[Provided records Boundary: Start]
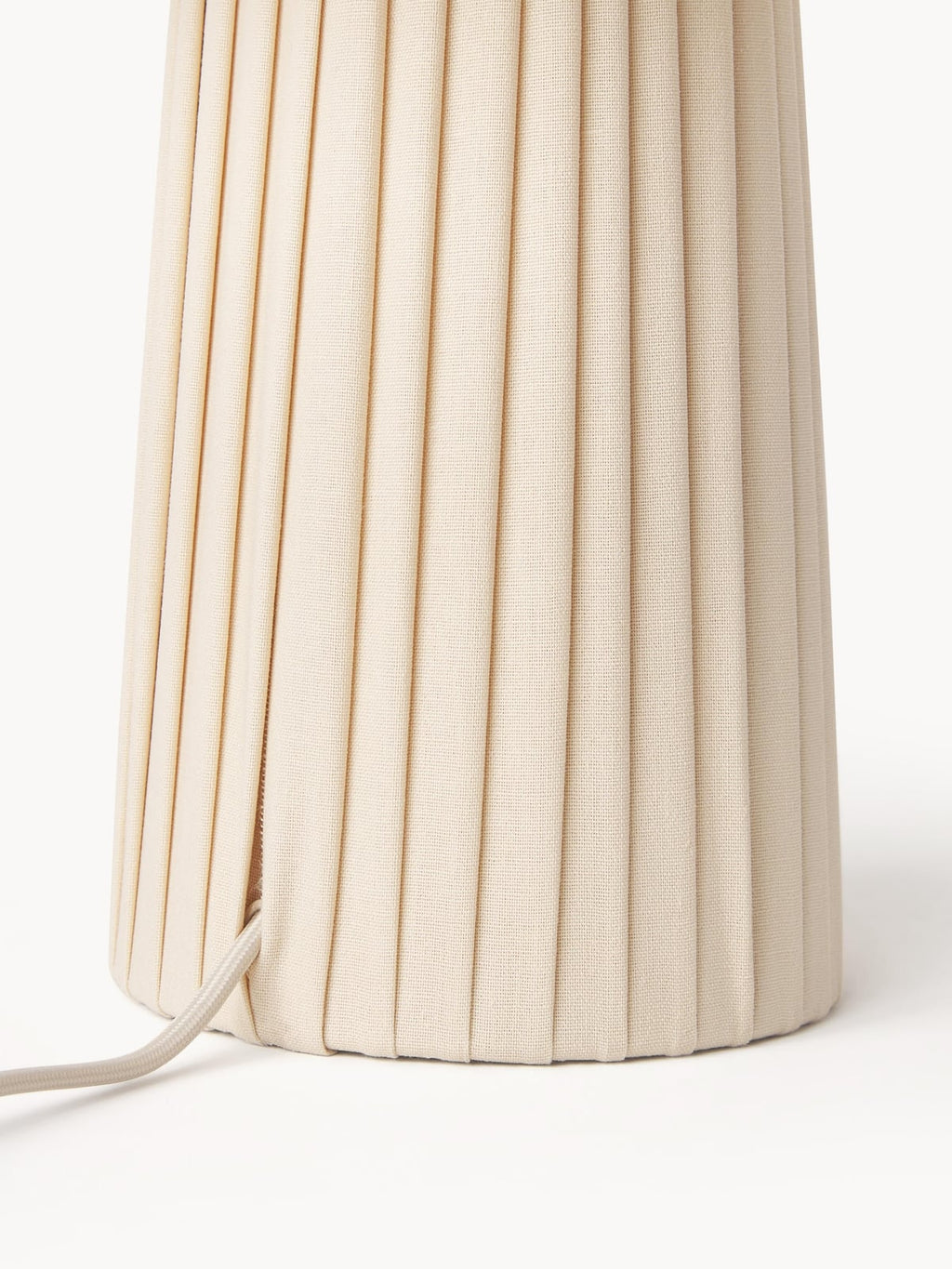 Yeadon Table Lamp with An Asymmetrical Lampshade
[Provided records Boundary: End]
[Provided records Boundary: Start]
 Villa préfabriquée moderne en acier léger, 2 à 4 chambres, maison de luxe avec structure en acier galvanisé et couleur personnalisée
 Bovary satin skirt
[Provided records Boundary: End]
[What to produce] Take the lines above from the one containing "Villa préfabriquée moderne" to the one containing "Bovary satin skirt" and retype them exactly, both ends included, with nothing added.

[Response area]
 Villa préfabriquée moderne en acier léger, 2 à 4 chambres, maison de luxe avec structure en acier galvanisé et couleur personnalisée
 Bovary satin skirt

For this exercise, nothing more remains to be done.